We focus and simmer on inconsequential behaviors – such as the fact that you ate too many chips on Sunday – and fail to recognize the billion other areas where we are kicking ass.
This is another reason why the self-compassion and acceptance piece is so important. When you feel like you are enough as you are right now and can forgive yourself for shortcomings, it’s not a big deal when you eat too many chips.
So what if you started to tell yourself a different story? What if you stopped throwing yourself under the bus all the time?
What if instead of walking around sulking about how you should be pushing harder and doing more and eating slower, you started to feel chuffed about the billion things you already do?
You opened a door for someone…not accidentally? Chuffed points.
You made yourself a big salad in honor of Elaine Benes? Chuffed points.
You walked to the store instead of hitchhiking? Chuffed points.
You made eye contact with the Starbucks barista and smiled instead of grunting and drooling over your phone? Chuffed points.
Do you see how this works?
Once you start to live in the chuffed zone, you’ll be able to let your misadventures in eating slide and truly ‘move the hell on.’
Here are my top 5 ways for ‘moving the hell on’:
#1) Don’t have rules to break.
Detach yourself from others who enforce these types of rules (Facebook, I’m looking at you). You can eat what you want!
#2) Remove ‘should’ and ‘shouldn’t’ from your food vocab.
Own your reality in order to let it go, learn from it and move on.
For example, instead of saying “I’m such a hippo, I shouldn’t have had that grilled cheese after dinner…I’m so overly stuffed now.” Say, “I ate grilled cheese to ease the fact that I was really stressed about working a 12 hour day. It’s not a big deal. Next time, I will ask for help and give myself more downtime. Tomorrow is a new day.”
#3) Take note of all the reasons you feel chuffed.

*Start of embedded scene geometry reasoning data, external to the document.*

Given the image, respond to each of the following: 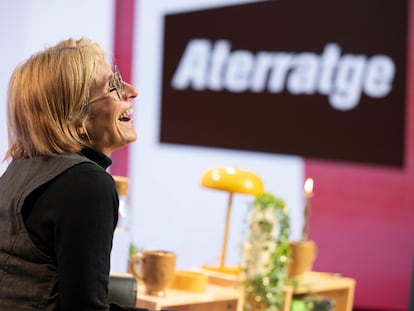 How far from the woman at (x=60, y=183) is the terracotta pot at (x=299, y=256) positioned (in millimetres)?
1847

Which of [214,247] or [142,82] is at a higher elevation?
[142,82]

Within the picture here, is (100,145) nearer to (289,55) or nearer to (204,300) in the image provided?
(204,300)

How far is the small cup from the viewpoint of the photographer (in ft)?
9.71

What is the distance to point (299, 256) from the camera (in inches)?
143

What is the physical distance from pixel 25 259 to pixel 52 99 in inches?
12.4

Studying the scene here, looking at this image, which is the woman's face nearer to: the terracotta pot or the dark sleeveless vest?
the dark sleeveless vest

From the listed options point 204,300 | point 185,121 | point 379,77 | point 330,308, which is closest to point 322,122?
point 379,77

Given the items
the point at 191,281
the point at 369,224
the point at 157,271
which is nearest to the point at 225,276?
the point at 191,281

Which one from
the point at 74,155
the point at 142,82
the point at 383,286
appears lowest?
the point at 383,286

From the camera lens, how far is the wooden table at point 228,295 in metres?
2.96

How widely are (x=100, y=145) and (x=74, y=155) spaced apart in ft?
0.43

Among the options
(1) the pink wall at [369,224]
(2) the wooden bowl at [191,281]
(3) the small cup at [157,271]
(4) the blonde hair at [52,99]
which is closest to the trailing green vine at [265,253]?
(2) the wooden bowl at [191,281]

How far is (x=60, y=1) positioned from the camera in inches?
182

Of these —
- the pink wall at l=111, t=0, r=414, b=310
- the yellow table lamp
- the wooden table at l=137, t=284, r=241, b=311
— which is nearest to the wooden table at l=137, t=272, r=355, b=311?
the wooden table at l=137, t=284, r=241, b=311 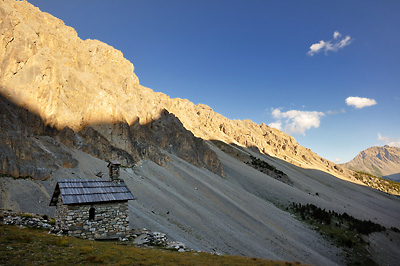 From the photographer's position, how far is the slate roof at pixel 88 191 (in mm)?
17031

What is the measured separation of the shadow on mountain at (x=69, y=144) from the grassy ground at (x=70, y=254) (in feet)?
60.3

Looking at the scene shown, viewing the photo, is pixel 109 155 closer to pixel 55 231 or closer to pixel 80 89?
pixel 80 89

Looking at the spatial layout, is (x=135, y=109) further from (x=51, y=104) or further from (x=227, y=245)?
(x=227, y=245)

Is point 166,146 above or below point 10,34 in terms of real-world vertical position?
below

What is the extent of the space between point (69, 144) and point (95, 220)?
2722cm

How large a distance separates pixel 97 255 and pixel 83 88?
43.1 meters

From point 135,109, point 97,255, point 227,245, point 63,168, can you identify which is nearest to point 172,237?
point 227,245

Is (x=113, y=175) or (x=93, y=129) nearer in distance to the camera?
(x=113, y=175)

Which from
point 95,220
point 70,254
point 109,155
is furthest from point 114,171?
point 109,155

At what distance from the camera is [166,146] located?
65.9 meters

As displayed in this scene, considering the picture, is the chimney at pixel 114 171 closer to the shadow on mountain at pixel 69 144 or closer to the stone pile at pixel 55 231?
the stone pile at pixel 55 231

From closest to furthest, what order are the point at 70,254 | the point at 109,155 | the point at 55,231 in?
the point at 70,254, the point at 55,231, the point at 109,155

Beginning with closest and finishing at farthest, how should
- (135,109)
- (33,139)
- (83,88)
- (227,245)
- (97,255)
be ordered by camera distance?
1. (97,255)
2. (227,245)
3. (33,139)
4. (83,88)
5. (135,109)

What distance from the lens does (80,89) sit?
4719 cm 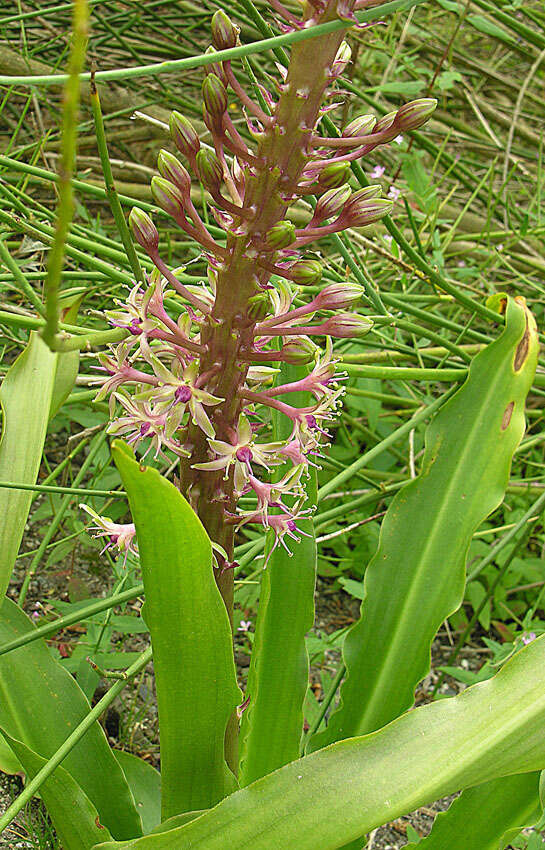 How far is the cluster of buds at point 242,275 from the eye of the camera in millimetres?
650

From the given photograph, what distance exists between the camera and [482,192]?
2732mm

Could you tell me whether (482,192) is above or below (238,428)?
above

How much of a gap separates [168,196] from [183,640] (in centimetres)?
38

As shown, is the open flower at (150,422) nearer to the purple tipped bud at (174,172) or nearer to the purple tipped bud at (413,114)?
the purple tipped bud at (174,172)

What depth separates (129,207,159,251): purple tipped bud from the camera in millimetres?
708

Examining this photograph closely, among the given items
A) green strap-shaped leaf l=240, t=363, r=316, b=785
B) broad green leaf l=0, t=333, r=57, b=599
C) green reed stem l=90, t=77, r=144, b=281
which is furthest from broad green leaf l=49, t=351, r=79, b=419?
green strap-shaped leaf l=240, t=363, r=316, b=785

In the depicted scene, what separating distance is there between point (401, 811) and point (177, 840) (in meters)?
0.19

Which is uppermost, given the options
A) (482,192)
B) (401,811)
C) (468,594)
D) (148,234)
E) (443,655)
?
(482,192)

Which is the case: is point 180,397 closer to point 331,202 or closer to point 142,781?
point 331,202

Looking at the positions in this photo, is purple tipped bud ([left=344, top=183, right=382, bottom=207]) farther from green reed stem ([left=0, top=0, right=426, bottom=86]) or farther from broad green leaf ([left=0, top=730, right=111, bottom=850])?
broad green leaf ([left=0, top=730, right=111, bottom=850])

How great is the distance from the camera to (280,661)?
3.16 feet

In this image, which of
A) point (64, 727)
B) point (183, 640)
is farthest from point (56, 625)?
point (183, 640)

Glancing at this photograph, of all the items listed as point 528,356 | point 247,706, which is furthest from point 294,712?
point 528,356

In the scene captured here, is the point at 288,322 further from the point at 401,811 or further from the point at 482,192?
the point at 482,192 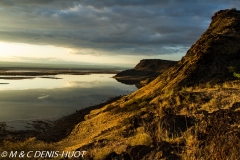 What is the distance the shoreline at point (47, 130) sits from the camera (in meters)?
18.7

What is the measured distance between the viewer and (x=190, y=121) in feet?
33.3

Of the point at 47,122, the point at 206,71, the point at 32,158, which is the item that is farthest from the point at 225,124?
the point at 47,122

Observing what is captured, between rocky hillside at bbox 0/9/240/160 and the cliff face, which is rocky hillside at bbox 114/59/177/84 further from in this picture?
rocky hillside at bbox 0/9/240/160

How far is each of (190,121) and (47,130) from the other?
14708mm

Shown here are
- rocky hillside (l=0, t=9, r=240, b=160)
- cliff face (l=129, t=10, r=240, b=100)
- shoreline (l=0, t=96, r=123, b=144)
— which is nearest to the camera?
rocky hillside (l=0, t=9, r=240, b=160)

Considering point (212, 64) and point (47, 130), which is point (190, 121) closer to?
point (212, 64)

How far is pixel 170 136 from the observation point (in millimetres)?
9211

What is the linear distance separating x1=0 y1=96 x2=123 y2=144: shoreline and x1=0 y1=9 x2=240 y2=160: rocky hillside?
4.64ft

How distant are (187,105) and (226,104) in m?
2.05

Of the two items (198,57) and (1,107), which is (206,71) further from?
(1,107)

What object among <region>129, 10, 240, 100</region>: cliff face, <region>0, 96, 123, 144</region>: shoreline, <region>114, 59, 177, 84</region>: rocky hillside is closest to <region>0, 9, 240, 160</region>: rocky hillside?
<region>129, 10, 240, 100</region>: cliff face

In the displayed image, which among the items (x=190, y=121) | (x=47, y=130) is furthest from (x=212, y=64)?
(x=47, y=130)

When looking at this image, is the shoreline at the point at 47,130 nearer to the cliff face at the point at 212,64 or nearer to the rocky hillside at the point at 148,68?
the cliff face at the point at 212,64

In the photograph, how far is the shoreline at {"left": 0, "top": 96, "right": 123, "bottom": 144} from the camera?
18.7m
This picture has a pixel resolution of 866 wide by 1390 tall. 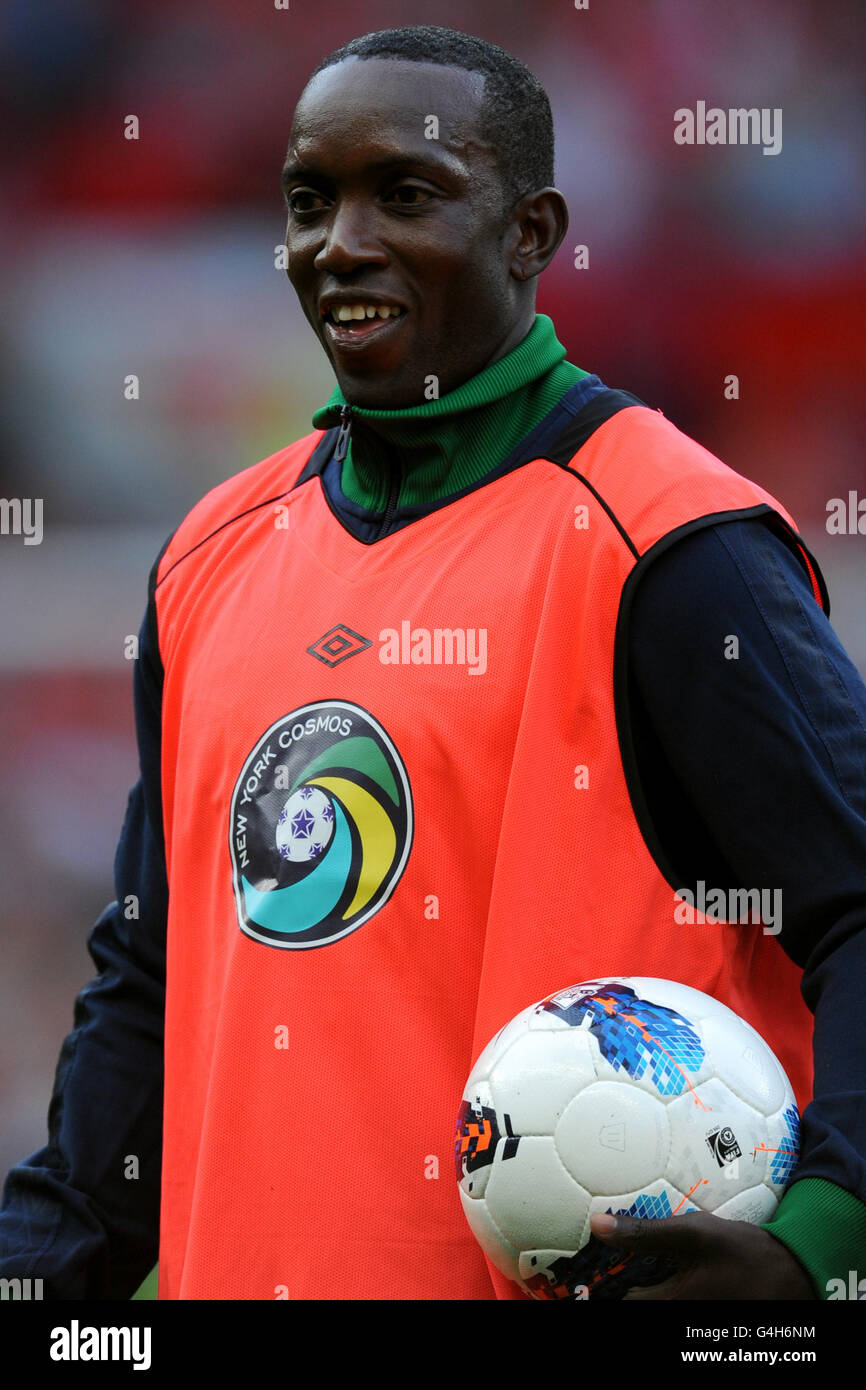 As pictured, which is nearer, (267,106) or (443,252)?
(443,252)

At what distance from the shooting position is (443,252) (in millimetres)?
2096

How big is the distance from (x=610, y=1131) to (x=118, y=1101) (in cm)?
87

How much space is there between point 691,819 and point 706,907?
0.31 feet

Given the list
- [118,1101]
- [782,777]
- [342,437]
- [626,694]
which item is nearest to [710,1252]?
[782,777]

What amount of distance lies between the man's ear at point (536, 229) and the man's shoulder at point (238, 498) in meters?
0.41

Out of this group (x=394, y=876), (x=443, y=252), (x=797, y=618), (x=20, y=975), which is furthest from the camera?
(x=20, y=975)

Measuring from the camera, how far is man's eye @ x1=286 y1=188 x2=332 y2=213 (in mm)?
2152

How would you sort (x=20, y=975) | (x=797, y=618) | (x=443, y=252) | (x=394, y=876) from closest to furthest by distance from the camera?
(x=797, y=618) < (x=394, y=876) < (x=443, y=252) < (x=20, y=975)

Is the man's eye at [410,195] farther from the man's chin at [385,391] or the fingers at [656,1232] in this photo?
the fingers at [656,1232]

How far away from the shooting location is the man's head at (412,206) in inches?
82.1

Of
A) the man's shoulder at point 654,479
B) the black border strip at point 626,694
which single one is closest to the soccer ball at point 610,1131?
the black border strip at point 626,694

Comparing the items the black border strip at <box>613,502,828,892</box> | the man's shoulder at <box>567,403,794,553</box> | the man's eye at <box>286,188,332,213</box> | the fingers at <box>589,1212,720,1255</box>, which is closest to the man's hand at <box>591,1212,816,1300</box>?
the fingers at <box>589,1212,720,1255</box> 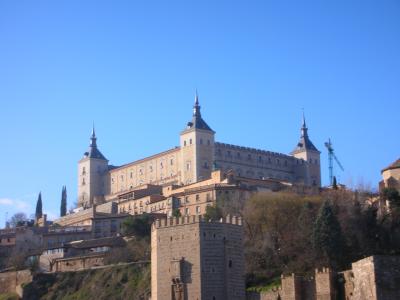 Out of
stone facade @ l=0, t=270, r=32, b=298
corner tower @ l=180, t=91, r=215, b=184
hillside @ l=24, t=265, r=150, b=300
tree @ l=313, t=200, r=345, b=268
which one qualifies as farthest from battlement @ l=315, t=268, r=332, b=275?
corner tower @ l=180, t=91, r=215, b=184

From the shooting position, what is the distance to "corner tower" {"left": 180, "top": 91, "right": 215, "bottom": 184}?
108 metres

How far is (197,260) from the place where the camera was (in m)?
51.8

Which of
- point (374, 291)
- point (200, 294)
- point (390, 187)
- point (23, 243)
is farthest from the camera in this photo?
point (23, 243)

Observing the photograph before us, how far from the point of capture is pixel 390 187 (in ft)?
231

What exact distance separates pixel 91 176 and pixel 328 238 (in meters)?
74.3

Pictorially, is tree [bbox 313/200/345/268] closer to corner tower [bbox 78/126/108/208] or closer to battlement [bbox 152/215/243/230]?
battlement [bbox 152/215/243/230]

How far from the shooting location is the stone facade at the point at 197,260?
170 feet

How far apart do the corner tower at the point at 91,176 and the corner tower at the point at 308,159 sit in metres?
27.9

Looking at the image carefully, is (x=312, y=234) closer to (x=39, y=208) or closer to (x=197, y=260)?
(x=197, y=260)

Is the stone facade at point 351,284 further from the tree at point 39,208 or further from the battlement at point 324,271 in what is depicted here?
the tree at point 39,208

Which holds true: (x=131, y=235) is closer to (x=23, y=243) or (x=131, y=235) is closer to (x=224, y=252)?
(x=23, y=243)

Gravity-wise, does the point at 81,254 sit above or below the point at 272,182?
below

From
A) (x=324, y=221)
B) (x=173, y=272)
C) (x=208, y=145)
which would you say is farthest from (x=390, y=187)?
(x=208, y=145)

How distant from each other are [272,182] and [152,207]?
45.6 feet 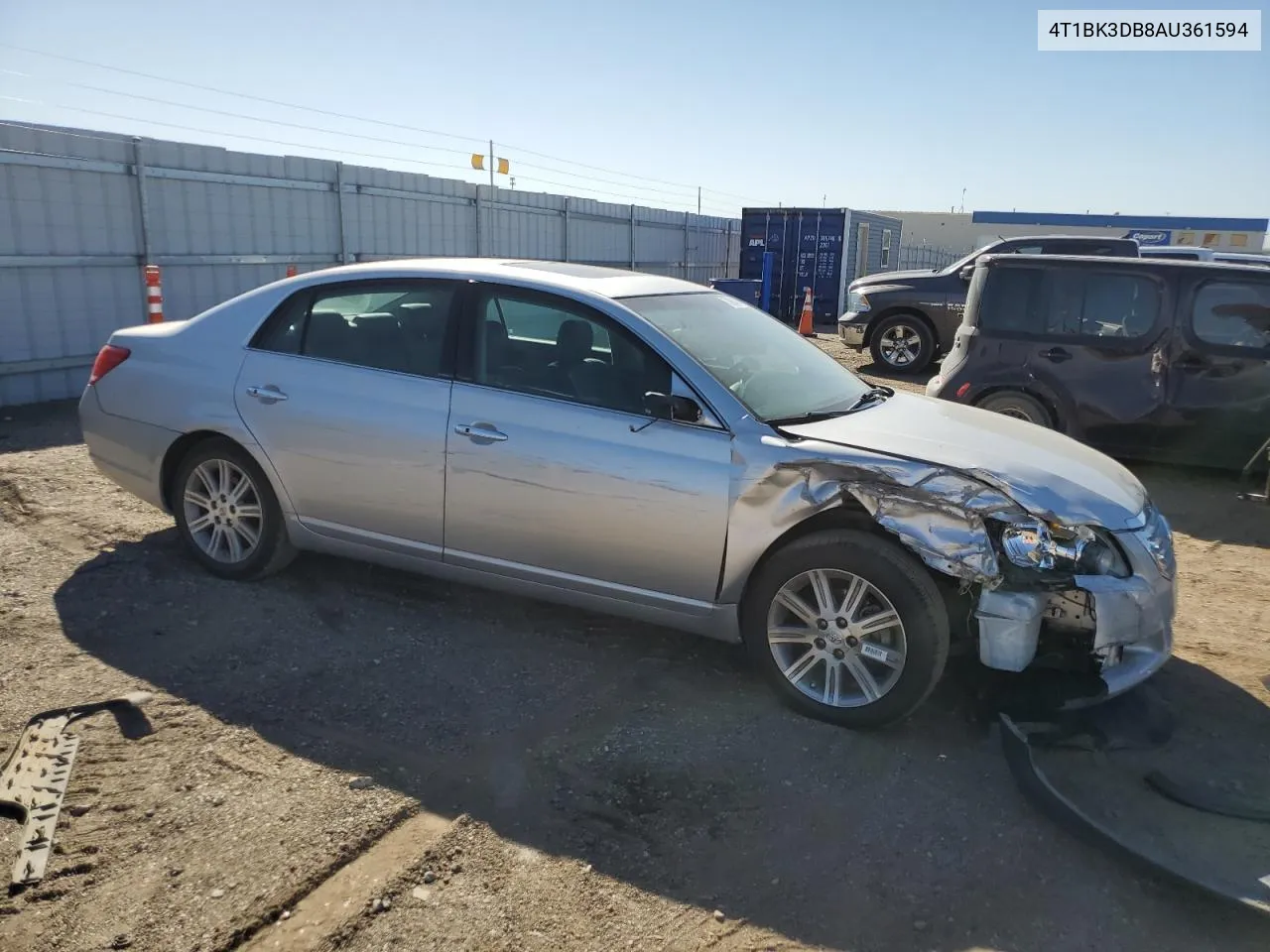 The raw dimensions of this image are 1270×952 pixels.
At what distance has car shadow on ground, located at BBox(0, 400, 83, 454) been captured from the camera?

Journal it. If you need help with this, then make sure you are spending time on self-love!
#4) Don’t go into problem solving mode!
You are not an equation to be solved. Forgive yourself and move forward. Trust that your body will balance itself out.
#5) Douse yourself in kindness.
This seems counterintuitive because we immediately feel the need to course-correct and punish ourselves when we overeat. Punishment fosters further pain around your actions… and then we turn to food to ease that pain. Treat yourself like an injured puppy and be kind.